Ilmu ekonomi yang kita ajarkan kepada mahasiswa kita sekarang yang sudah kita ajarkan sejak medio lima puluhan adalah ilmu ekonomi yang keliru dan tak bermoral, yang tidak memihak pada rakyat miskin kita. Adalah panggilan sosial dan panggilan moral kita pakar-pakar ekonomi untuk berubah, dan mengoreksi diri menjadi pejuang-pejuang yang harus mampu bekerja keras mewujudkan keadilan sosial bagi seluruh rakyat Indonesia, tujuan akhir ideologi dan dasar NKRI yang diproklamasikan pada 17 Agustus 1945.

Penutup

Krisis moneter (krismon) yang setelah hampir 7 tahun belum juga terselesaikan harus memaksa pakar-pakar ekonomi Indonesia berpikir keras “tidakkah ada yang salah dalam pemikiran ekonomi para teknokrat kita, yang pada awal Orde Baru telah menjadi pahlawan-pahlawan pembangunan ekonomi Indonesia?”

Salah satu kekeliruan fatal adalah kelalaian telah mengabaikan ideologi Pancasila, khususnya nasionalisme. Jika mereka menganut ajaran ekonomi Barat secara konsekuen bahwa “the very nature of economics is rooted in nationalism”, kiranya cukup aneh mereka dengan sadar mengabaikannya.

In the mids of all the confusion, there is one solid unchanging lump of ideology that we take so much for granted that it is rarely noticed –that is nationalism.

The hard-headed classicals made no bone about it. They were arguing against the narrow nationalism of Mercantilists in favour of a more far-sighted policy, but they were in favor of Free Trade because it was good for Great Britain, not because it was good for the world (Joan Robinson, 1993: 167).

Ilmu ekonomi yang kita ajarkan kepada mahasiswa kita (bahkan sejak di sekolah-sekolah lanjutan) harus yang nasionalistik, bermoral, dan berasas kerakyatan, dan harus mampu mengarahkan pemikiran ekonomi anak-anak muda kita pada upaya-upaya mewujudkan keadilan sosial.
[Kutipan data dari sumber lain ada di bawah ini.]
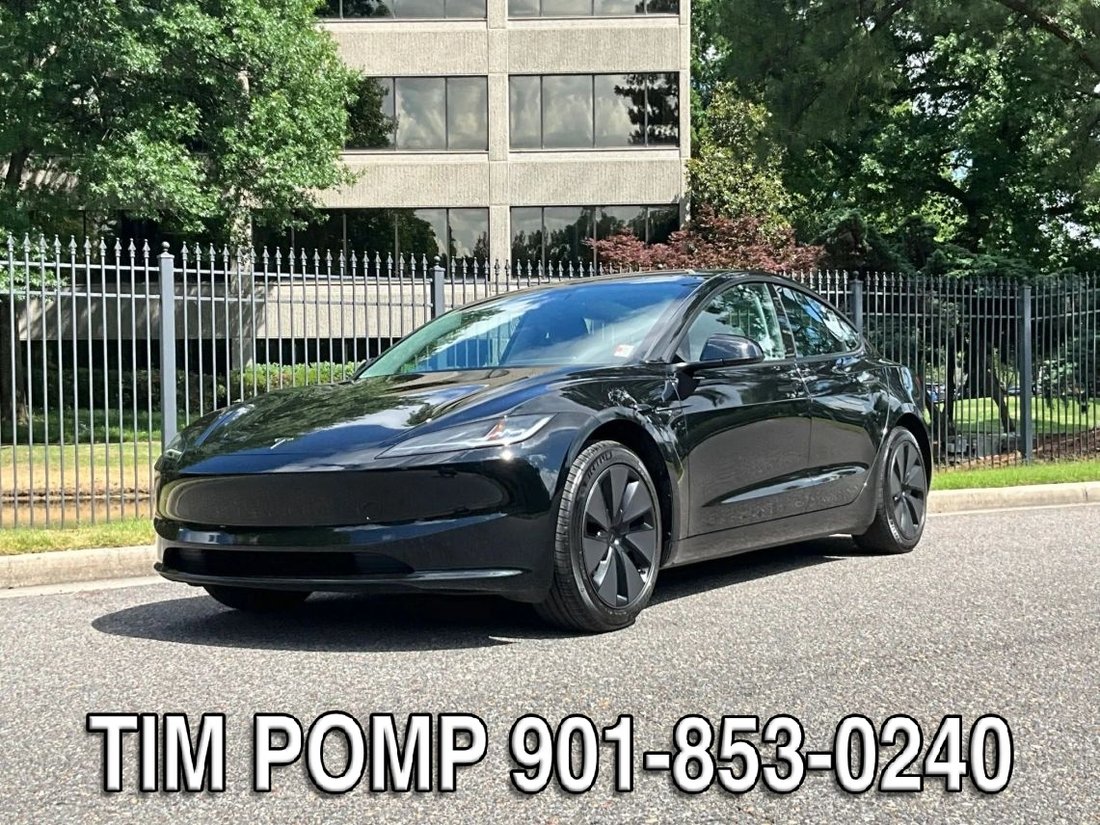 Sedan in Collierville, TN, United States 1 - 18206231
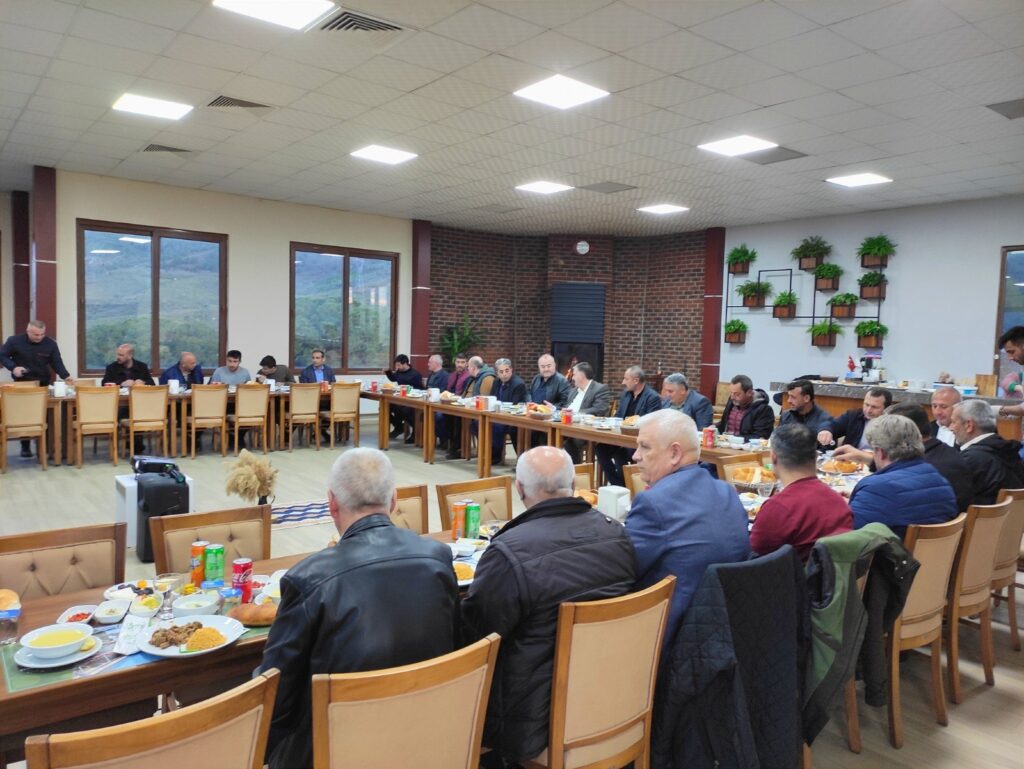 Kınık Belediyesi’nden Meclis Üyelerine İftar Yemeği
Kemiskinan adalah salah satu bentuk ketidakadilan sosial yang harus kita berantas sampai ke akar-akarnya.

Adalah dosa besar dan merupakan pengkhianatan pada para pendiri negara jika kita para ekonom sekedar menjadi jurubicara dan penyebar ajaran-ajaran sesat ekonomi kapitalis-neoliberal.